Work request: Whatever appears in the data below, copy it exactly.

(Saved entries)
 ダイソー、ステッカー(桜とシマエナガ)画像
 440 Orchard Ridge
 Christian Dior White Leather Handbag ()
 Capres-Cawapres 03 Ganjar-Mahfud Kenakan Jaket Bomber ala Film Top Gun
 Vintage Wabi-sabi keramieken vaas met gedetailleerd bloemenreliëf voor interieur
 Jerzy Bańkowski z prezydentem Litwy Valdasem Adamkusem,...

Expected output:
 ダイソー、ステッカー(桜とシマエナガ)画像
 440 Orchard Ridge
 Christian Dior White Leather Handbag ()
 Capres-Cawapres 03 Ganjar-Mahfud Kenakan Jaket Bomber ala Film Top Gun
 Vintage Wabi-sabi keramieken vaas met gedetailleerd bloemenreliëf voor interieur
 Jerzy Bańkowski z prezydentem Litwy Valdasem Adamkusem,...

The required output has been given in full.